En este punto el tratante le tendió un certificado, firmado por el señor Shelby, que cogió el joven con la punta de sus largos dedos y miró despreocupado por encima.
– Una letra señorial -dijo- y buena ortografia también. Bueno, pues, no estoy muy seguro, después de todo, por este asunto de la religión -dijo, con una expresión maliciosa de nuevo en los ojos-; el país está al borde de la ruina por culpa de los beatos blancos: los políticos tan beatos que tenemos antes de las elecciones, los tejemanejes beatos que tienen lugar en todos los departamentos de la iglesia y del estado, que uno no sabe quién va a ser el próximo en engañarle. Tampoco estoy muy seguro de que la religión esté en alza en este momento en el mercado. No he mirado su cotización en bolsa últimamente en el periódico. ¿Cuántos cientos de dólares me ha sumado por el asunto de la religión?
– Me parece que está usted bromeando -dijo el tratante-; pero tiene sentido lo que dice. Sé que hay diferencias en la religión. Algunos tipos son mezquinos; algunos celebran reuniones pías; otros cantan a voz en grito; en aquellos casos no hay diferencias entre blancos y negros pero en éstos, ya lo creo que las hay; lo he visto muchas veces en los negros, que se vuelven poco a poco tan tranquilos, honrados y píos que nada en el mundo podría tentarles a hacer nada que consideren que está mal; y ya ve usted en esta carta lo que dice de Tom su antiguo amo.
– Ahora -dijo el joven, inclinándose muy serio para mirar su libreta de facturas- si usted me asegura que puedo comprar esta clase de piedad, y que me lo apuntarán a mi cuenta en el libro de allá arriba como algo de mi propiedad, no me importa si pago un poco más por ella. ¿Qué me dice?
– Pues no puedo hacer eso -dijo el tratante-. Creo que cada uno tendrá que velar por sus propios intereses en ese lugar.

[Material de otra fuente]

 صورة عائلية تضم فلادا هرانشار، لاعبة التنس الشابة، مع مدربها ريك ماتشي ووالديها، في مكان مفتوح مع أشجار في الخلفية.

– Eso es un poco injusto para quien paga más por la religión, si no puede canjearlo en el lugar que más le interesa, ¿no es verdad? -dijo el joven, que había estado contando un fajo de billetes mientras hablaba-. ¡Ahí tiene, cuente su dinero, amigo! -añadió, ofreciendo el fajo al tratante.
– De acuerdo -dijo Haley, con una gran sonrisa de satisfacción; y sacando un viejo tintero de cuerno, se puso a hacer un contrato de venta que ofreció al joven caballero unos instantes después.

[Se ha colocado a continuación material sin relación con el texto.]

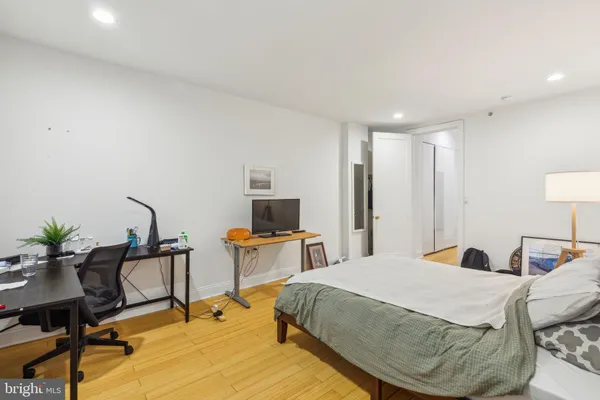 a bedroom with a bed and a potted plant on the dresser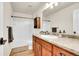 Bathroom features a wooden vanity, large mirror, and a shower with a tub at 1628 Taos St, Brighton, CO 80603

– Me pregunto yo, si me parcelaran e me hicieran inventario, cuánto darían por mí -dijo éste mientras leía el documento-. Digamos tanto por la forma de la cabeza, tanto por la frente despejada, tanto por los brazos y las manos y las piernas y después tanto por la educación, la cultura, el talento, la honradez y la religión. ¡Dios me ampare, poco cobrarían por lo último, me parece! Pero vamos, Eva,-dijo; y cogiendo de la mano a su hija, cruzó el barco, puso de forma desenfadada la punta del dedo bajo la barbilla de Tom y le dijo-: ¡Ánimo, Tom! Veremos si te gusta tu nuevo amo.

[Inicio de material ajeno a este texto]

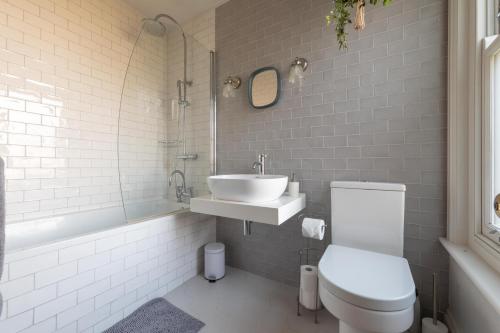 a white bathroom with a sink and a toilet at Fig Tree Cottage in Whitstable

Tom levantó la mirada. No estaba en su naturaleza contemplar aquella cara alegre, joven y guapa sin experimentar placer; y Tom sintió cómo se le llenaban los ojos de lágrimas cuando dijo de corazón:
– ¡Que Dios le bendiga, amo!
– Bien, espero que sí. ¿Cómo te llamas? ¿Tom? Es más probable que lo haga si lo pides tú que si lo pido yo. ¿Sabes conducir caballos, Tom?
– Estoy acostumbrado a los caballos desde siempre -dijo Tom-. El señor Shelby los criaba a montones.
– Bien, entonces creo que te pondré de cochero, con la condición de que no te emborraches más de una vez por semana, excepto en caso de emergencia, Tom.
Tom puso cara de sorprendido y algo ofendido y respondió:
– Nunca bebo, amo.
– He oído esa historia antes, Tom; pero ya veremos. Prestarás un gran servicio a todos nosotros, si es así. No te preocupes, muchacho -añadió de buen humor, al ver que Tom seguía serio-; no dudo que tengas buenas intenciones.
– Ya lo creo que las tengo -dijo Tom.
– Y lo pasarás bien -dijo Eva-; papá trata muy bien a todo el mundo; sólo se ríe de ellos.
– Papá te agradece tus recomendaciones -dijo St. Clare, riéndose al darse la vuelta para marcharse.